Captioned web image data
◆ ◆ ◆ ◆ ◆ ◆ ◆
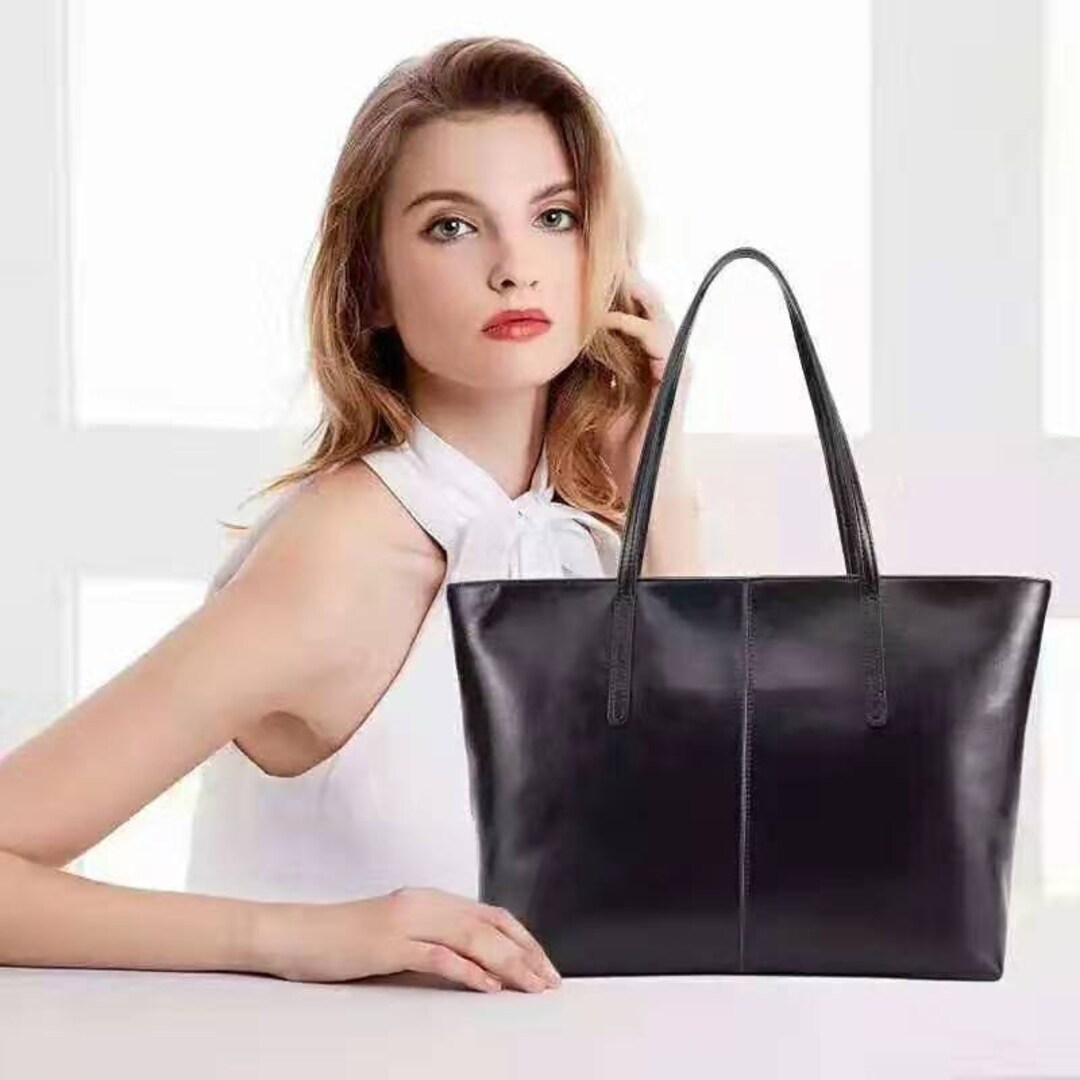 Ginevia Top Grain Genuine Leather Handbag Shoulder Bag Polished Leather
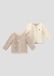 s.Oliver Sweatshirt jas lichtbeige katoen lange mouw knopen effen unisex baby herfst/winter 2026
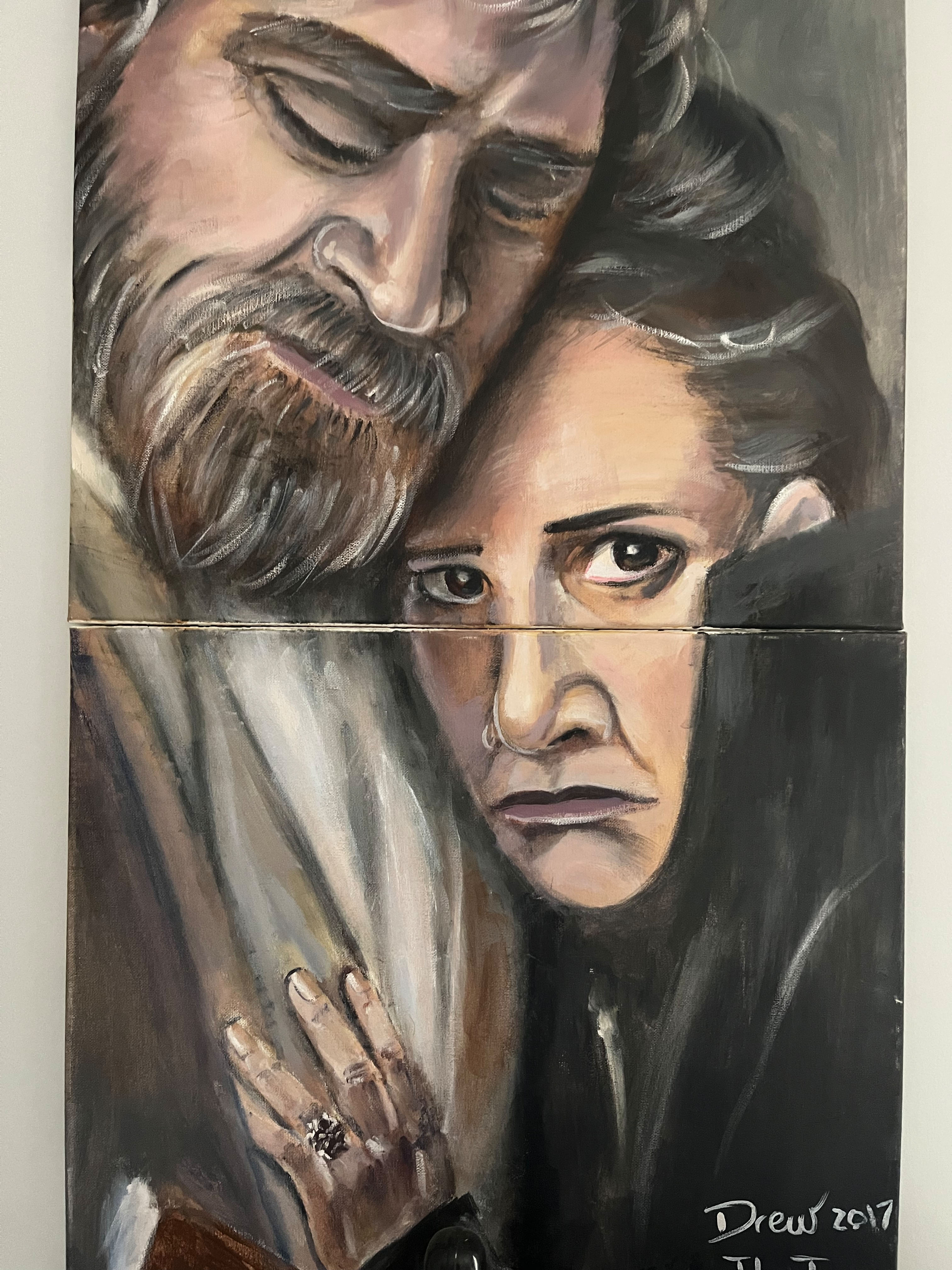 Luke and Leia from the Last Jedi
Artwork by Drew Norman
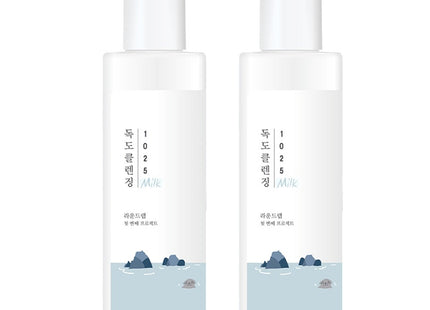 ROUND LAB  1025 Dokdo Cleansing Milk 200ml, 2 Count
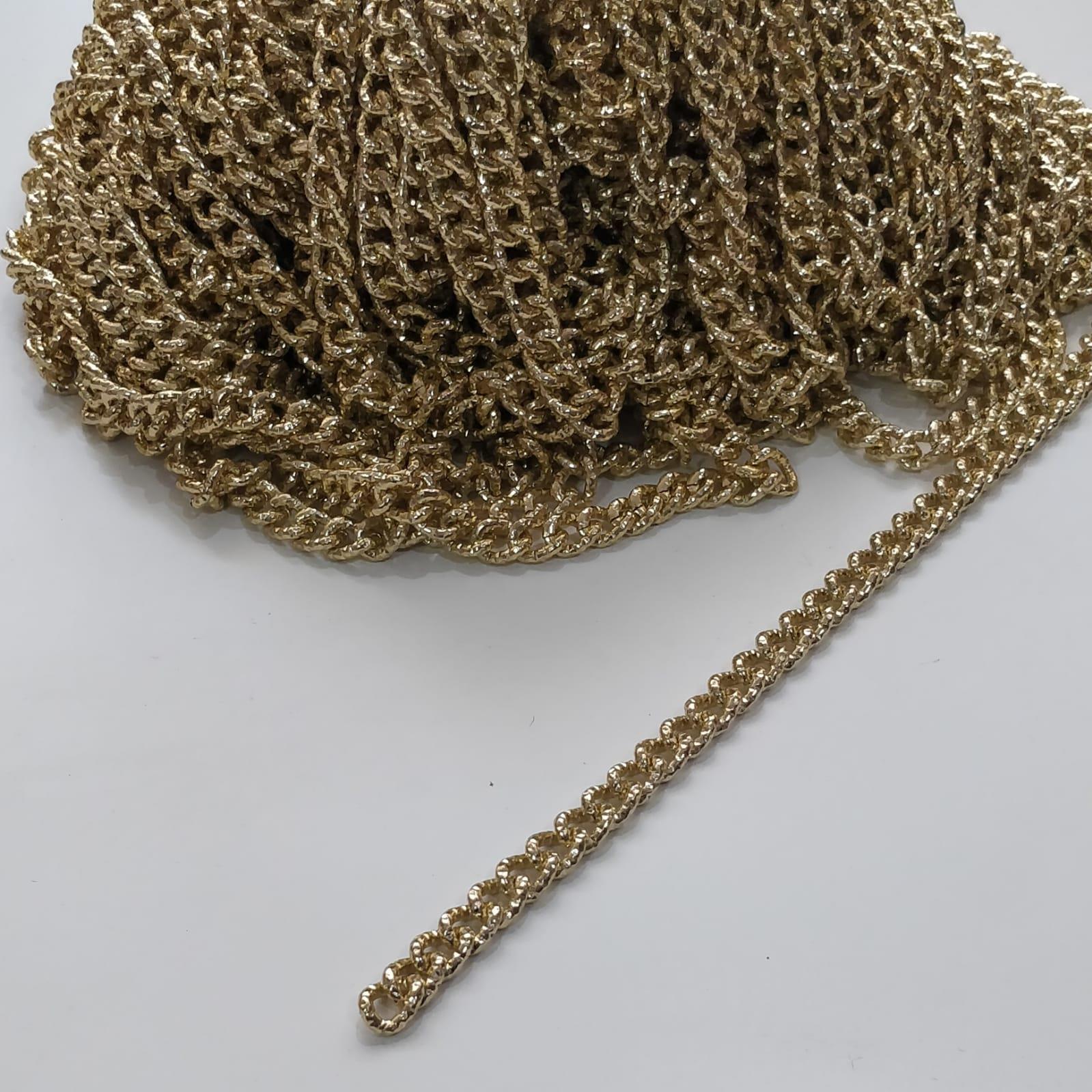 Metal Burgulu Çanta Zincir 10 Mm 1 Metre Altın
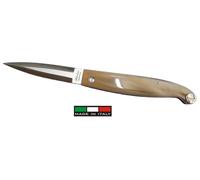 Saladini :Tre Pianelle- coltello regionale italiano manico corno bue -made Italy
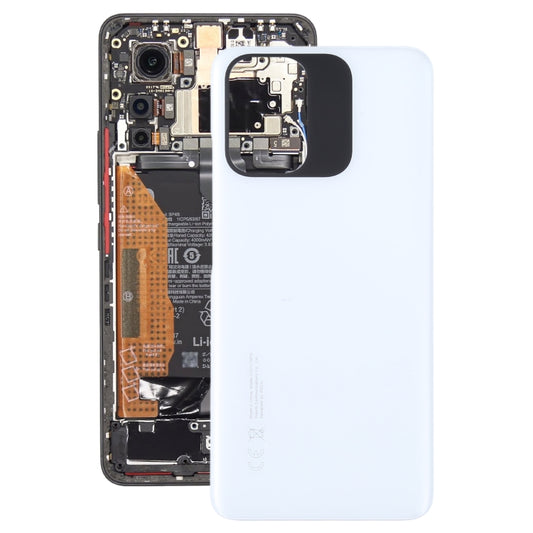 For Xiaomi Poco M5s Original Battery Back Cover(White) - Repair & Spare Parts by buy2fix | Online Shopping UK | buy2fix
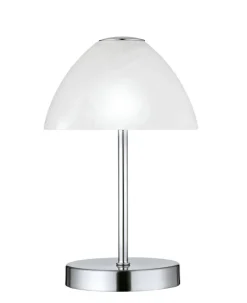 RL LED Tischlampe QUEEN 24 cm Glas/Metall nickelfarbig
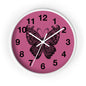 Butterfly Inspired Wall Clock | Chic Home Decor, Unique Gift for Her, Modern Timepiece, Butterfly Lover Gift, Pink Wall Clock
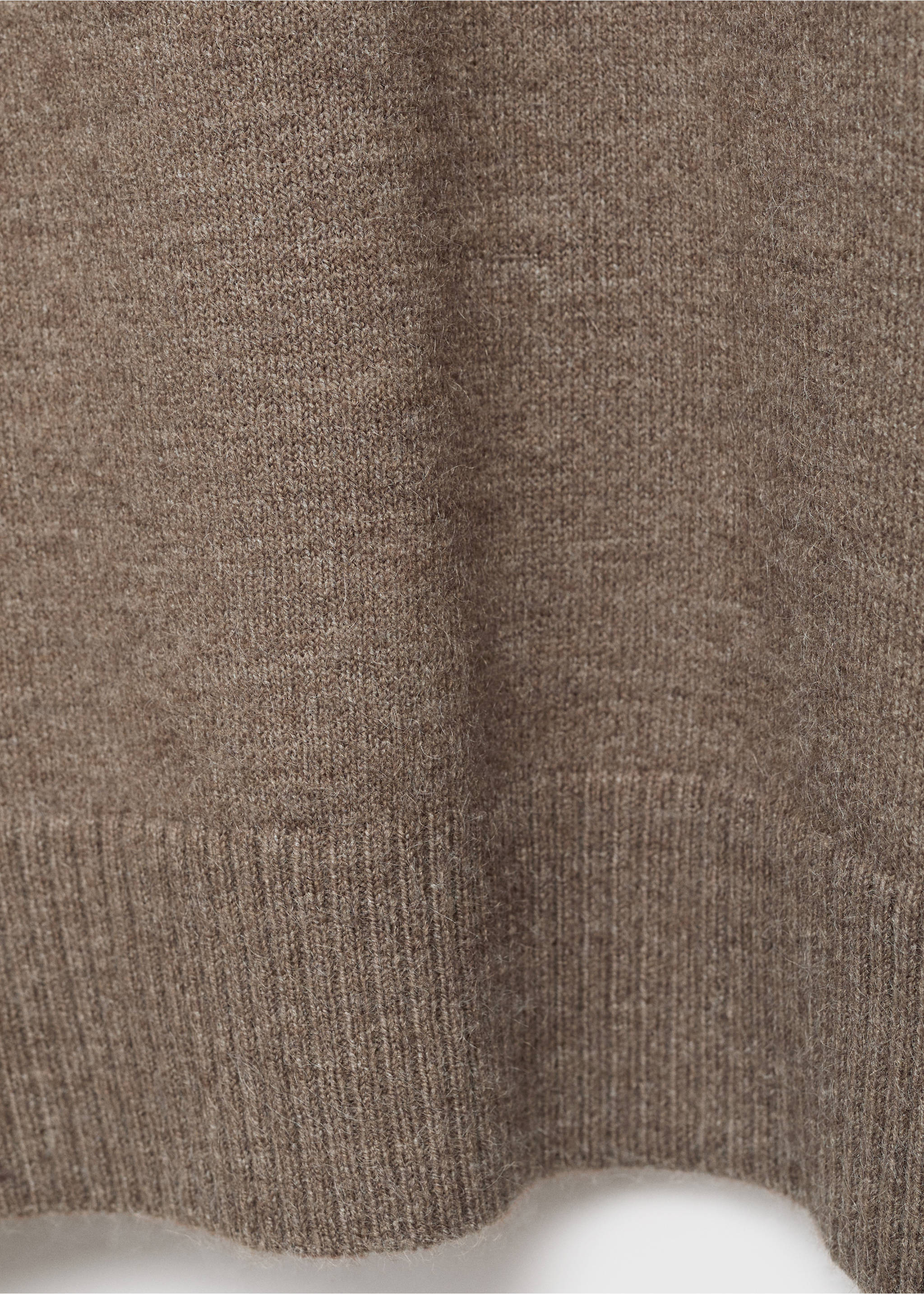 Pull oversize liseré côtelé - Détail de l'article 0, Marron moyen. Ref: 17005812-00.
◆ ◆ ◆ ◆ ◆ ◆ ◆
**Work instructions**
Out of the records above, return only the lines from the one with "s.Oliver Sweatshirt jas" through the one with "200ml, 2 Count", exactly, and none of the pictures.

**Answer section**
 s.Oliver Sweatshirt jas lichtbeige katoen lange mouw knopen effen unisex baby herfst/winter 2026
 Luke and Leia from the Last Jedi
Artwork by Drew Norman
 ROUND LAB  1025 Dokdo Cleansing Milk 200ml, 2 Count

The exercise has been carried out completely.